▶ _Task description_: Each record that follows should be repeated exactly, with no pictures carried over.
*** Block opens ***
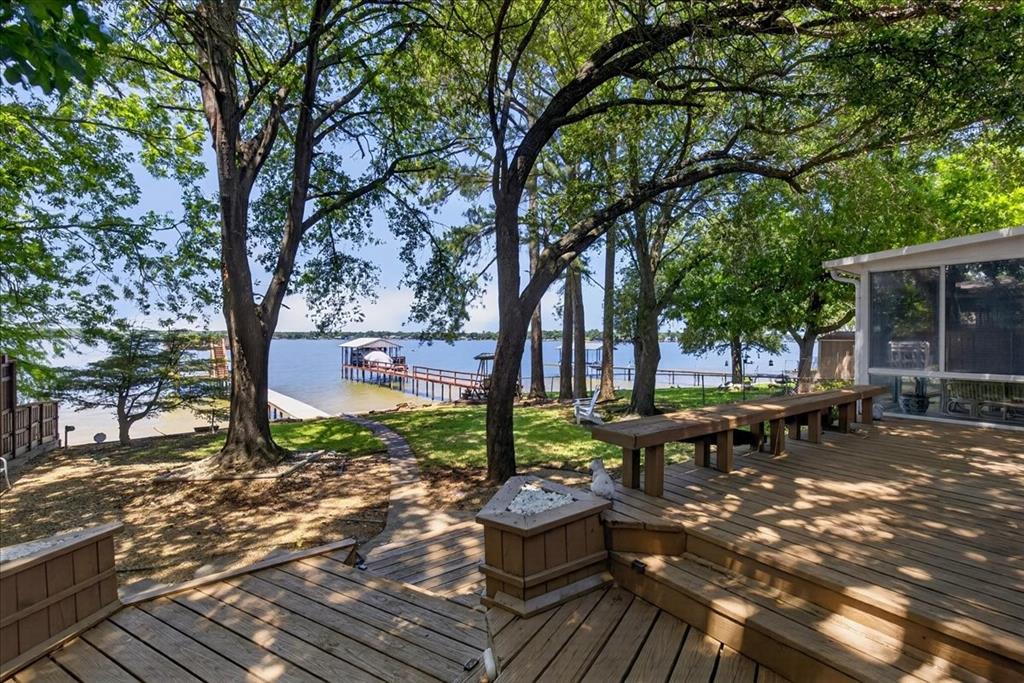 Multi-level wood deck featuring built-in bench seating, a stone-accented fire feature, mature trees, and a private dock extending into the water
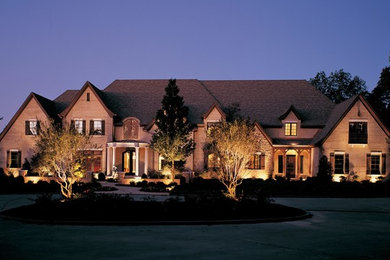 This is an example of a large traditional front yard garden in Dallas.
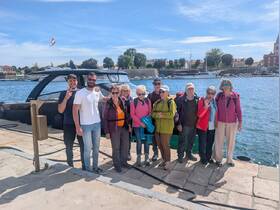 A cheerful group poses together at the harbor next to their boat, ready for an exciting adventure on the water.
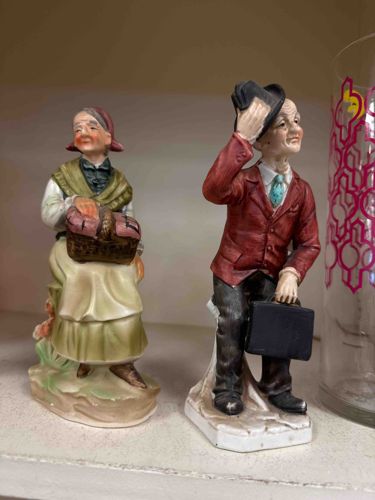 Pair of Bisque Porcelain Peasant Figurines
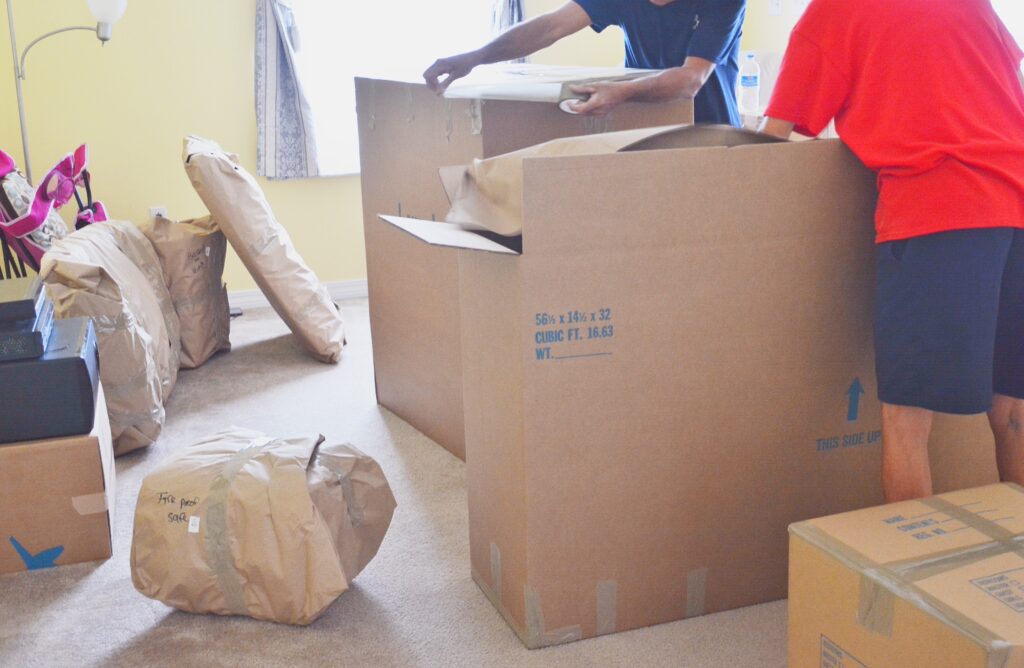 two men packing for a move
*** Block closes ***
▶ _Task output_:
 Multi-level wood deck featuring built-in bench seating, a stone-accented fire feature, mature trees, and a private dock extending into the water
 This is an example of a large traditional front yard garden in Dallas.
 A cheerful group poses together at the harbor next to their boat, ready for an exciting adventure on the water.
 Pair of Bisque Porcelain Peasant Figurines
 two men packing for a move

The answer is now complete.